Rien qu’en janvier et février de cette année, dans le port de la capitale Bissau, ces observateurs ont constaté que 274 containers – chargés de 20 troncs chacun – ont été transportés par voie maritime vers la Chine. Ce qui correspond à 10 500 m3 de bois tropical de très bonne qualité.

Les exportations des deux premiers mois de 2014 représentent deux tiers de la totalité des exportations enregistrées l’année dernière et dépassent déjà la totalité du bois vendu en Chine en 2012. Ce commerce viole la loi forestière bissau-guinéenne de 2011 qui interdit toute exportation de bois non travaillé sur place et qui encadre la coupe et le reboisement.

Une population spoliée

Les habitants des villages ainsi que les collectivités publiques, à qui ce bois appartient, ne sont pas dédommagés pour ces coupes à blanc.
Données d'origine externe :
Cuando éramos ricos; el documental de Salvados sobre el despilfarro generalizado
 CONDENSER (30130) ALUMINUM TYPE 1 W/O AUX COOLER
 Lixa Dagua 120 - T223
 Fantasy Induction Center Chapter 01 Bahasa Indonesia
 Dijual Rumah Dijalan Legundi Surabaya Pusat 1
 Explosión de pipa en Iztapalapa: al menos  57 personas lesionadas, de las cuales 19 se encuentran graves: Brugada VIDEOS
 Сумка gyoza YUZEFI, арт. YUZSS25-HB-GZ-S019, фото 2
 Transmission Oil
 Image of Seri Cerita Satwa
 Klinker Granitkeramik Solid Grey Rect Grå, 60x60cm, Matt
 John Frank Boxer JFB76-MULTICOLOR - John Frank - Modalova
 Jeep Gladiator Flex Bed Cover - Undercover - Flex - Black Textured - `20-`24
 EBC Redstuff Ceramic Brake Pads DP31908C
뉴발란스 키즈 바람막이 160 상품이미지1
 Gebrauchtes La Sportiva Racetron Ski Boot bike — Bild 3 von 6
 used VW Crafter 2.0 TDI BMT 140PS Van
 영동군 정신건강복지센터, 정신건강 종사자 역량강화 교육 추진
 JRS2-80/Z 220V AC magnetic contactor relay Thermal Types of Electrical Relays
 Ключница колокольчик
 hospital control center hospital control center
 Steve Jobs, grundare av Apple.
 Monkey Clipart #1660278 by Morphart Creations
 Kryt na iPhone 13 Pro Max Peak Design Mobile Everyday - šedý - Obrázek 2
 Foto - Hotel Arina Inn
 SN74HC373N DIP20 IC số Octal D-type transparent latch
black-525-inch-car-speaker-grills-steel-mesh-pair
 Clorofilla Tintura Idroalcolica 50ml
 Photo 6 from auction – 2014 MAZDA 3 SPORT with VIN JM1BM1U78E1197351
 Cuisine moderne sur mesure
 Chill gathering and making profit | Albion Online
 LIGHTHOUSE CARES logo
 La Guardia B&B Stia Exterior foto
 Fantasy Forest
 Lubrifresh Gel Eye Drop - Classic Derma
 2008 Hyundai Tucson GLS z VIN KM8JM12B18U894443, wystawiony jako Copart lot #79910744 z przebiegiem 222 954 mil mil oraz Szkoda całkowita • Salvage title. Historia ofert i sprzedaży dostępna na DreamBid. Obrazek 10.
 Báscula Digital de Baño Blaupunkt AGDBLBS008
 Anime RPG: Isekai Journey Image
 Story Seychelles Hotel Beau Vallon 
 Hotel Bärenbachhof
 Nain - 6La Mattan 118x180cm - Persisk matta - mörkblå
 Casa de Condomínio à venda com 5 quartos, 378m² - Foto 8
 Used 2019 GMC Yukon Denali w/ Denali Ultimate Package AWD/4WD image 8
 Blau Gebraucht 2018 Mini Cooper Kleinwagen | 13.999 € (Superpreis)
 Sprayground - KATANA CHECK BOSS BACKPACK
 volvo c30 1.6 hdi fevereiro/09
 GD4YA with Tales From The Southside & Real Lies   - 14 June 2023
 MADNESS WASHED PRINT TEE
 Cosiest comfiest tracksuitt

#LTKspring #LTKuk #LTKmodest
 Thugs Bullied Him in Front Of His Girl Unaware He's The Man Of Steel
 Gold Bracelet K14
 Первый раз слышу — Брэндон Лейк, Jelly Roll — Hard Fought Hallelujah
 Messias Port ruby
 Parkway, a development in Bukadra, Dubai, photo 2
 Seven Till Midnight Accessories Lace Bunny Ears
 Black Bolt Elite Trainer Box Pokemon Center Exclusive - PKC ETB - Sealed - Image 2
Au mieux, ils en récoltent quelques miettes. Les bonnes affaires sont réservées aux dirigeants corrompus et aux grands groupes chinois d’exploitation du bois. Le mètre cube de bois s’échange actuellement pour la somme ridicule de 393 francs. L’année dernière, la même quantité se vendait encore 567 francs. Et en Gambie voisine, le mètre cube se négocie à un prix quatre fois supérieur : les Chinois paient 1730 francs pour un bois de qualité équivalente.

Pour comparaison : en Suisse, un mètre cube du meilleur bois tropical coûte facilement 25 fois plus que le prix payé par les Chinois en Guinée- Bissau.

Les détracteurs risquent leur vie

Avec de telles « marges bénéficiaires », il est clair que les détracteurs de ces pratiques sont volontiers muselés. Pourtant, la semaine dernière, à l’occasion d’un débat radiophonique très suivi, des activistes des droits de l’homme et des protecteurs de l’environnement – tous partenaires de SWISSAID – ont attiré l’attention des auditeurs sur la destruction de la forêt. « Il faut beaucoup de courage pour porter cette question sur la scène publique », explique Alfredo Handem, le responsable du bureau de SWISSAID sur place. La plupart des gens craignent les militaires armés qui soutiennent et protègent ces abattages.

Pour changer le cours des choses, la première étape consiste à informer la population au sujet de la spoliation de ses propres ressources dont elle est victime. Il est tout aussi important de soutenir directement les communautés villageoises dans leur combat pour leur forêt.

Une partie des projets d’entraide de SWISSAID en Guinée-Bissau vise justement une consolidation des forces démocratiques dans le pays, car sans régime politique légitime, il est difficile de créer les conditions cadres permettant une amélioration durable de la situation. En Guinée-Bissau, de nombreuses personnes placent de grands espoirs dans les élections à venir afin que le palais présidentiel abrite enfin un gouvernement qui agisse en faveur de la population de Guinée-Bissau et non plus contre elle.